### Problem statement
Your answer must be the listing repeated word for word, without its pictures.

### Listed entries
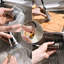 Robinet de cuisine à poignée simple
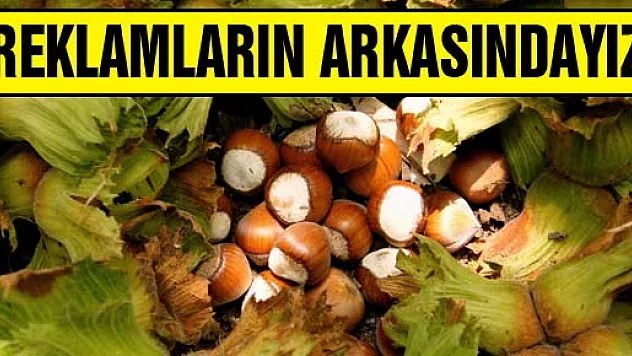'Rakamların Arkasındayız'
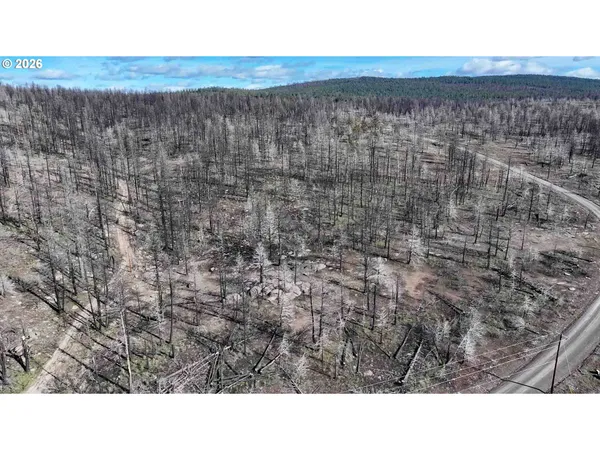 $9,900 | Hummingbird Drive, Unit 1, Bonanza, OR 97623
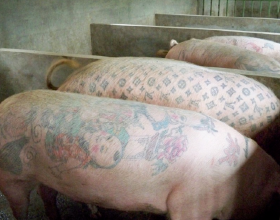比利時男子給活豬紋身，豬皮被香奈兒做成限量版包，輕鬆賺得50萬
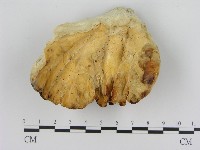 登錄號:F0016918藏品圖，第3張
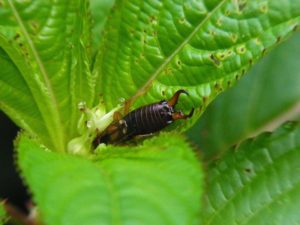 Les insectes jouent un rôle important au jardin Liège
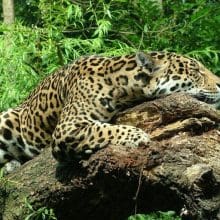 Jaguar Relaxing On Big Stump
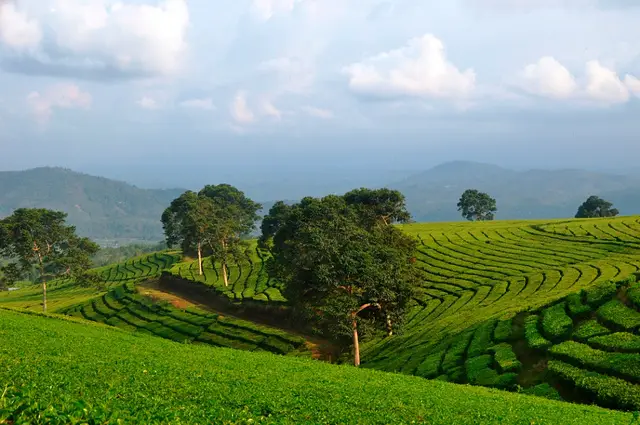 Kawasan Wisata Gunung Dempo, Jalan Alamsyah Ratu Prawiranegara, Pagar Wangi, Kec. Dempo Utara, Kota Pagar Alam, Sumatera Selatan 31581, Indonesia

### Result of the task
 Robinet de cuisine à poignée simple
'Rakamların Arkasındayız'
 $9,900 | Hummingbird Drive, Unit 1, Bonanza, OR 97623
比利時男子給活豬紋身，豬皮被香奈兒做成限量版包，輕鬆賺得50萬
 登錄號:F0016918藏品圖，第3張
 Les insectes jouent un rôle important au jardin Liège
 Jaguar Relaxing On Big Stump
 Kawasan Wisata Gunung Dempo, Jalan Alamsyah Ratu Prawiranegara, Pagar Wangi, Kec. Dempo Utara, Kota Pagar Alam, Sumatera Selatan 31581, Indonesia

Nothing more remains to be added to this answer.